Hypothesis testing: critical values

1 Hypothesis testing: p-value method

Last week we saw that, to perform a hypothesis test, we need to:

Identify the null hypothesis, denoted \(H_0\).
Identify the alternative hypothesis, denoted \(H_1\).
Select the significance level, denoted \(\alpha\). Typical values are 0.1, 0.05, or 0.01.
Compute the test statistic. This is used to measure how consistent the data are with the null hypothesis.
- For testing a mean we use the t-statistic, denoted \(t\), which takes the following form: \[t = \frac{\bar x - \mu_0}{s / \sqrt{n}}\]
Compute the p-value.
Make a decision:
- if p-value \(\leq \alpha\), reject \(H_0\).
- if p-value \(> \alpha\), fail to reject \(H_0\).

2 Hypothesis testing: critical value method

The method we used last week to perform a hypothesis test is called the p-value method because it reduces to comparing the area corresponding to the p-value with the area corresponding to \(\alpha\). This week we investigate an equivalent approach, called the critical value method, which compares the t-statistics delimiting the \(\alpha\) area with the observed t-statistic that is used to compute the p-value area.

The changes to the procedure are minimal:

Identify the null hypothesis, denoted \(H_0\).
Identify the alternative hypothesis, denoted \(H_1\).
Select the significance level, denoted \(\alpha\). Typical values are 0.1, 0.05, or 0.01.
Compute the test statistic. This is used to measure how consistent the data are with the null hypothesis.
- For testing a mean we use the t-statistic, denoted \(t\), which takes the following form: \[t = \frac{\bar x - \mu_0}{s / \sqrt{n}}\]
Compute the critical values.
Make a decision:
- if the observed test statistic \(t\) lies beyond the critical values, reject \(H_0\).
- if the observed test statistic \(t\) lies within the critical values, fail to reject \(H_0\).

3 Examples

Suppose I give you a sample, for example:

library(tidyverse)

sample_data <- tibble(
    score = c(0.1, 1, -0.2, 1.2)
)

Using \(\alpha = 0.01\), we wish to test whether the population the sample came from has a mean score that is different from 0:

\[H_0: \mu = 0\] \[H_1: \mu \neq 0\]

Sample mean:

xbar <- mean(sample_data$score)
xbar

[1] 0.525

Just because the sample mean is different from 0, it doesn’t mean that the population mean necessarily must also be.
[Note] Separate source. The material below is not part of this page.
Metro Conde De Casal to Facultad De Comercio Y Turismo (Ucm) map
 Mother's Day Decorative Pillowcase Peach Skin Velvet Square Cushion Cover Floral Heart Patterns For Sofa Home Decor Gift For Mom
This difference could perhaps only be due to random sampling variation.

s <- sd(sample_data$score)
s

[1] 0.6800735

n <- nrow(sample_data)
n

[1] 4

SE <- s / sqrt(n)
SE

[1] 0.3400368

mu0 <- 0   # hypothesised value for mu in H0
tobs <- (xbar - mu0) / SE
tobs

[1] 1.543951

The observed sample mean (\(\bar x =\) 0.52) is 1.54 standard errors away from the hypothesised value of 0.

We need to compare the observed t-statistic (i.e. the one computed from the observed sample data) with the critical values from a t(3) distribution. These are the values that cut, respectively, an area of 0.005 to the left and 0.005 to the right.

Those are the quantiles of a t-distribution, hence the function required is qt().

If we want to have 0.01 probability equally divided among both tails, we will have 0.01/2 = 0.005 in each tail. Remember that qt() uses the probability to the left by default.

tstar <- qt(c(0.005, 0.995), df = n-1)
tstar

[1] -5.840909  5.840909

In the t(3) distribution:
- The middle 0.99 probability of the distribution lies in between the values \(-t^*\) = -5.84 and \(t^*\) = 5.84.
- To the left of \(-t^*\) = -5.84 lies a probability of 0.005 = 0.01/2
- To the right of \(t^*\) = 5.84 lies a probability of 0.005 = 0.01/2
- Hence, below -5.84 and beyond 5.84 lies a total of 0.01 probability. The probability in the tails is then 0.01 = \(\alpha\).

Visually

You don’t need to plot a t-distribution usually, but if you want to, here is how you could do this. First, create a sequence of t values, this is an arbitrary choice of points you want to plot the t distribution for. You can either go from -5 to 5, or -10 to 10, as you wish. Then compute the t density for each value. You would only use the function dt() for plotting the t distribution, in fact this function doesn’t calculate a probability. Remember that a probability is an area, and it is computed by pt().

plt <- tibble(
    t_values = seq(-10, 10, by = 0.1),
    t_dens = dt(t_values, df = n-1)
)

ggplot(plt, aes(x = t_values, y = t_dens)) +
    geom_line() +
    labs(x = 't values', y = 'Density')

We can also add the critical values that cut an area of 0.005 to the left and 0.005 to the right. We computed those earlier, remember?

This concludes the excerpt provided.